The real importance of the chart for our purposes is to note how many/few of the films have been released widely in Europe. A rough calculation suggests around a half of these titles have been released in more than two or three European countries.

The films that are assumed not to travel are usually comedies. Manuale d’amore 2 (Capitoli successivi) is, as the title implies, a sequel to a previous hit in Italy. IMDB describes it as a ‘comedy romance’ and lists it as opening in Spain in 2007 and Greece (and South Korea) in 2008. At the moment, it is only showing Italy on the Lumiere database. (The film does have a star known acroos Europe in the form of Monica Belucci). Much the same goes for Natale in crociera. The other three Italian films are all comedies. The two German films at nos. 11 and 14 are also comedies, but only released in Germany and Austria. IMDB rates all these films very low on the 10 point scale, but presumably somebody out of the millions who saw the films enjoyed them? How do we take account of these productions in terms of European Cinema?

The Turkish film Beyaz melek is rather different. It appears to be an ‘epic drama’ about people in a retirement home in Eastern Turkey and is the first directorial effort by a Turkish singer. The film played to diaspora Turkish audiences in at least Germany and the UK and possibly other European countries as well. In the UK, the screenings were at Wood Green Cineworld and Lee Valley Odeon in North East London. I for one would be very interested in seeing this film with English subtitles.

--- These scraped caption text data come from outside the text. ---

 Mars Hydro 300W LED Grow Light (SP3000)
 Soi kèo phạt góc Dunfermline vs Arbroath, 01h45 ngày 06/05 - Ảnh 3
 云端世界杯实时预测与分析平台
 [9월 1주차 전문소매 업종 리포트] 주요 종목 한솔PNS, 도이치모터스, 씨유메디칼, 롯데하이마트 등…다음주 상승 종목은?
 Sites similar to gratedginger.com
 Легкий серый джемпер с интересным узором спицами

The crunch film in the list is Katyn. Poland has both a potentially large domestic market and a large number of Poles both temporarily and permanently overseas. In the UK, Dogwoof has imported Polish films (see our review of Wesele). However, Andrzej Wajda is not only the doyen of Polish filmmakers, but also a world figure. There was some dismay when a rumour began that the major arthouse distributor in the UK did not want to buy Katyn, seeing it as ‘old-fashioned’. Now it seems it will be released in the next few months. The story, about the massacre of Polish Army officers by the Russians in 1940, is both a ‘national story’ for the Poles and a personal story for Wajda (whose father was one of the officers killed). The UK has missed out on similar films before (e.g. Wajda’s Pan Tadeusz in 1999).

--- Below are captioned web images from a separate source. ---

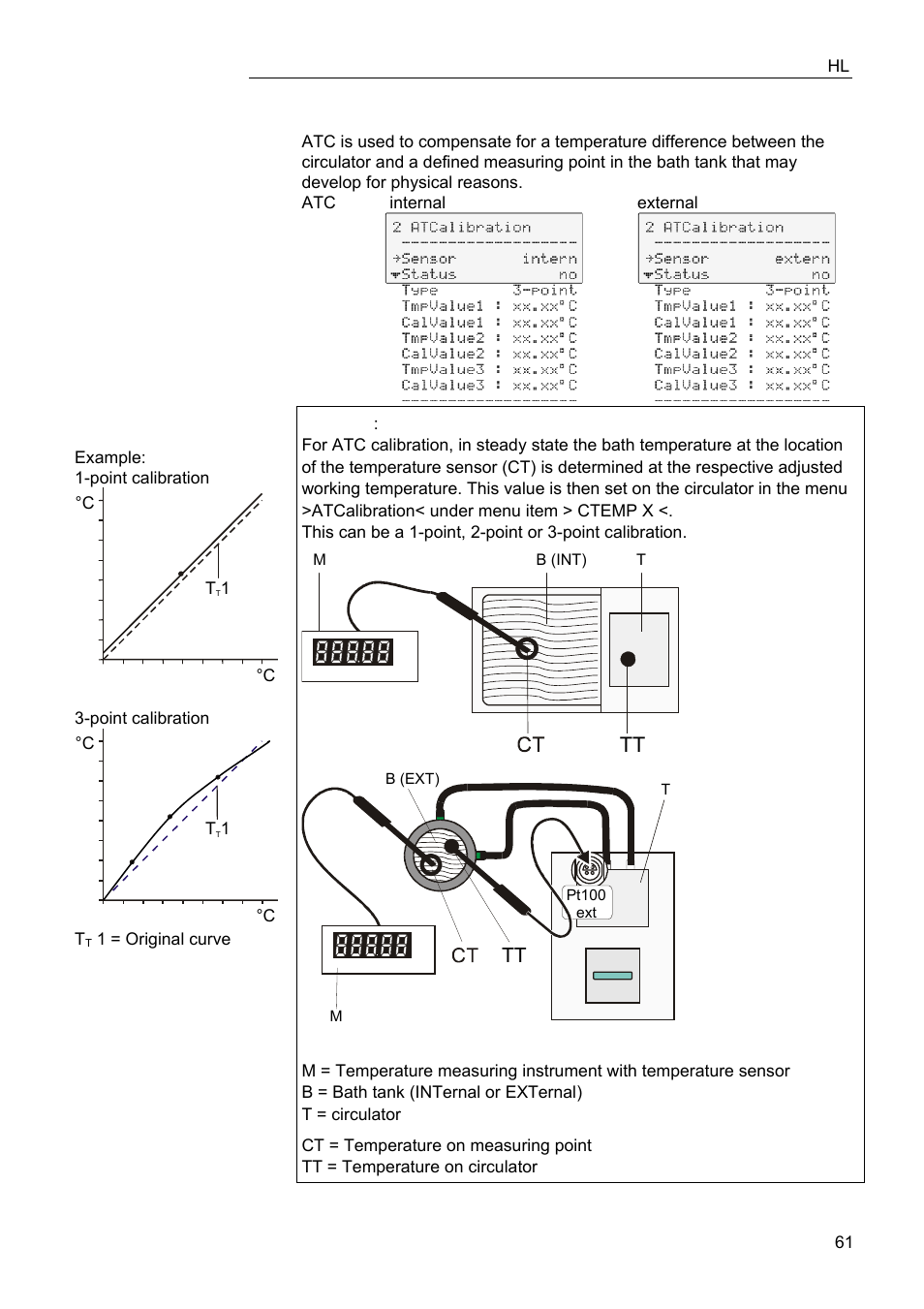Atc (internal), Atc (external) | JULABO FPW50-HL Refrigerated Circulators User Manual | Page 61 / 94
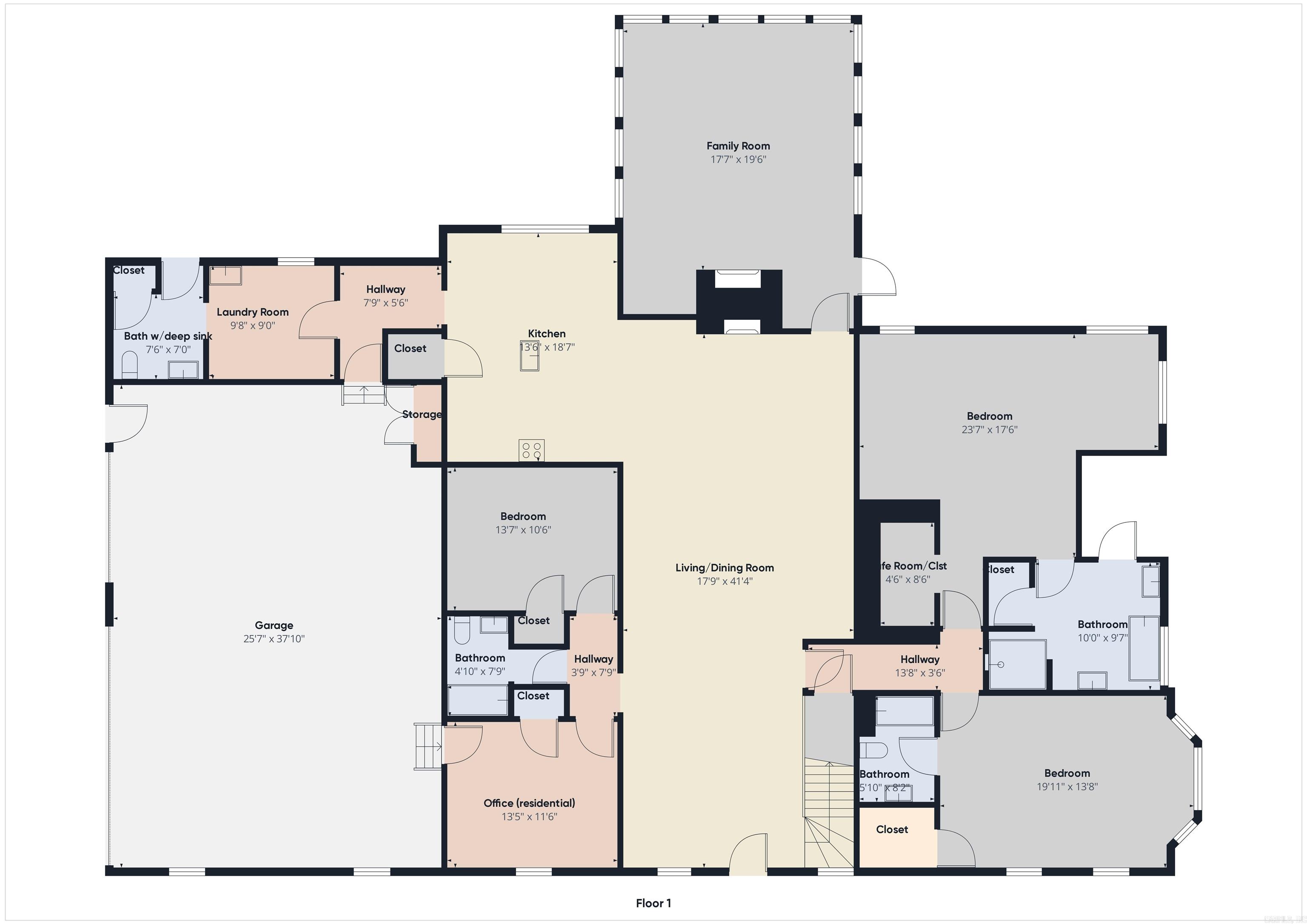 Metes & Bounds - Residential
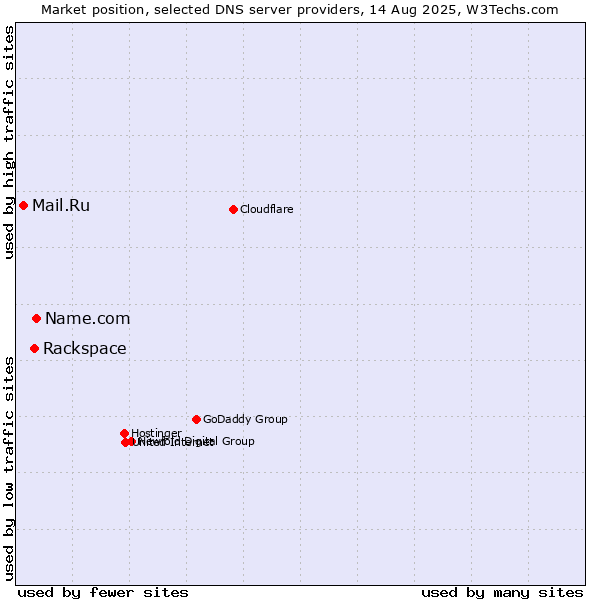Market position of Name.com vs. Rackspace vs. Mail.Ru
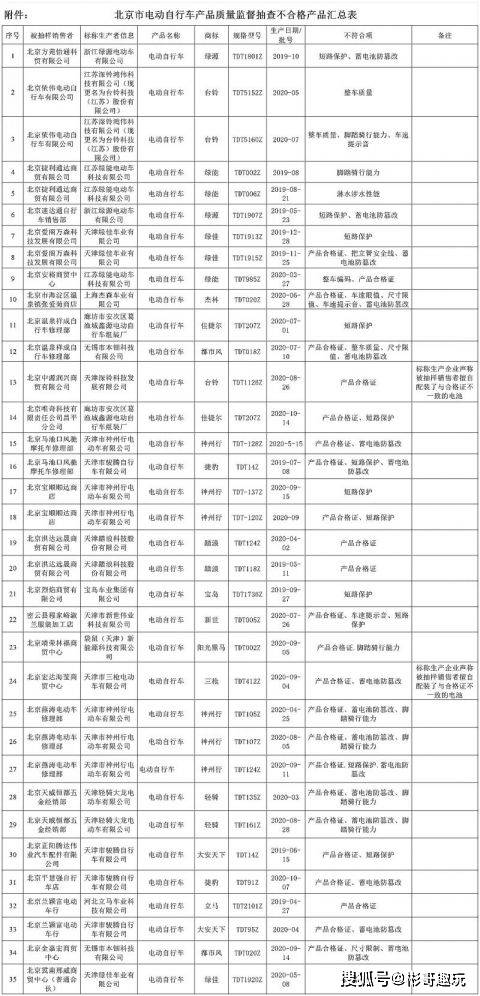 新浦区市场监督管理局最新发展规划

The distributors may well be correct in their commercial judgment about how films will travel, but Hollywood has persevered and sold us dross. Perhaps European distributors could be more adventurous?

(As of 3 August, I have been unable to confirm that Katyn has got a UK distributor, so the statement above should be ignored until further notice.)

Going domestic in East Asia

In the week that Pirates of the Caribbean opened to record business on 17,500 screens in 102 territories, it’s worth noting that it isn’t all going Hollywood’s way. In 2006, Japan and China joined India and South Korea as major territories in which the domestic film industry managed to achieve 50% of domestic box office. If you want to know what kinds of films these industries are producing, a good starting point is Leung Wing-Fai’s review of the 2007 Far East Film Festival in Udine, which we are honoured to present on the in the picture website. Fai wasn’t that impressed with what was on offer, but “telling it like it is” is part of her style. What’s clear is that these industries function much like other commercial industries and we need to keep track of the range of their ouputs.

2007 looks like a good year for Hollywood, but it is increasingly looking towards East Asian markets — the Pirates franchise brought in Hong Kong superstar Chow Yun-fat for the latest instalment. The latest MPAA figures suggest that Hollywood’s share of the global market has been falling. Partly this is because some territories are growing fast (e.g. Russia) and partly because the difficulties of collecting box office figures in many territories have led to an underestimation of some national totals. In 2006, MPAA quotes a global market for cinema of $25.8 billion with US on $9.49 billion and East Asia on $6.32 billion (an increase of 15% over 2005-6).